Fred Sherlock, 64, of Hopewell, Pa., would no doubt find Beaver’s story somewhat ironic. Sherlock had fished a stretch of the spring-fed Yellow Creek, owned by a neighboring farmer, since 1960. But in 2005 he lost access to the spot when it was leased to the Spring Ridge Club. “I wanted my grandkids to fish that water with me someday,” he says.

Beaver is quick to point out that in all cases he was merely acquiring private water where the landowners had already closed off public access, or had been planning to do so, and that he has even left some of the water open. He has little sympathy for anglers like Sherlock. “It was never his right to fish that water, it was a privilege. That was private water to begin with,” he says. “I think there’s a certain sense of entitlement that went with this privilege for some guys. If you’re at the table as a guest long enough, maybe you start to feel like it’s your table.”

But in one case, he apparently overstepped his bounds. In 2002, Beaver purchased what was known as the Espy Farm, a beautiful, trout-rich 1.3-mile stretch of the Little Juniata that begins at its junction with Spruce Creek. The section was some of the best water the SRC offered to its members. When Beaver bought the property, he believed that the river there was private. The commonwealth of Pennsylvania and a local fly-shop owner named Allan Bright thought otherwise. In 2003 they filed a joint lawsuit against Beaver, claiming that the “Little J,” as it’s known, was a commercially navigable river under state law and thus open to the public. The case went to court last summer.

During the lead-up to the trial, Beaver became public enemy No. 1 in the state’s flyfishing circles. Much of the vitriol against him surfaced on the Internet, where fishermen wrote with the impunity of anonymity. “I hate Donny Beaver,” declared “Mark M” on a Pennsylvania message board. “May the defendents [sic] strangle on their own phlegm,” wrote “Magalloway” on another. Somebody even started an Anti-Spring Ridge Club Club website.

In late January, a judge in the Huntingdon County Court of Common Pleas decided against Beaver. The ruling, which reads more like a history lesson than a legal document, determined that the Little Juniata was used for the transportation of goods such as timber and whiskey from the end of the Revolutionary War until roughly the advent of the Pennsylvania railroad in the 1840s. Thus, the river was commercially navigable, or at least once had been, which meant that the stream bottom to the high-water mark was open to the public. Beaver is strongly considering an appeal, which would ensure continued controversy.

A NATIONWIDE PROBLEM
Similar battles are being waged across the country. At issue in each case is the clash of two entrenched American values: the right to private property vs. the principle that our woods and waters are part of our common heritage.

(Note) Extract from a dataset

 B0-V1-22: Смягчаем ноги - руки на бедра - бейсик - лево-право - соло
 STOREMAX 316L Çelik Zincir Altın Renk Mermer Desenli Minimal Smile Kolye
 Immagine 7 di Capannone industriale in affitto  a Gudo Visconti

Running beneath it all is the undercurrent of class warfare, which pits those with significant means against those without.

Montana, with its vast acreage and excellent trout waters, is a particular hotspot. James Cox Kennedy, the CEO of media conglomerate Cox Enterprises in Atlanta, is fighting local fishermen over access to the portion of the Ruby River that flows through the nearly 4,000 acres of his ranch. On Mitchell Slough, a part of the Bitterroot River, the billionaire discount broker Charles Schwab and the singer Huey Lewis have banded together with other landowners to argue that the slough is actually an irrigation ditch and shouldn’t be open to the public. The Bitterroot River Protection Association says the slough is free flowing, which under Montana law would make it open to the public. In Ohio, a bill in the state legislature that’s backed by powerful home-builder and real estate associations would close off access to the shores of Lake Erie to the public. It’s being contested in court by fishermen, duck hunters, and the National Wildlife Federation. In Louisiana, a small body of water that either is or isn’t part of the Mississippi River (depending on your side) is the focus of a tug-of-war between a group of fishermen who want to keep it open and a timber company that says it’s private.

LOCKED FOR ITS OWN GOOD?
Beaver and other landowners believe there’s a higher cause to be served by private water: the conservation of habitat that is rapidly degrading and disappearing. On many of his beats, Beaver claims he has improved stream banks and structure for fish. His decision to make the Espy Farm water on the Little J catch-and-release, he says, helped move the state to designate nearly the entire 13-mile river the same way. “And we’re preserving these waters in the face of unplanned sprawl,” he says. “The biggest threat to our streams is Home Depot stores and retirement communities being built on the banks.”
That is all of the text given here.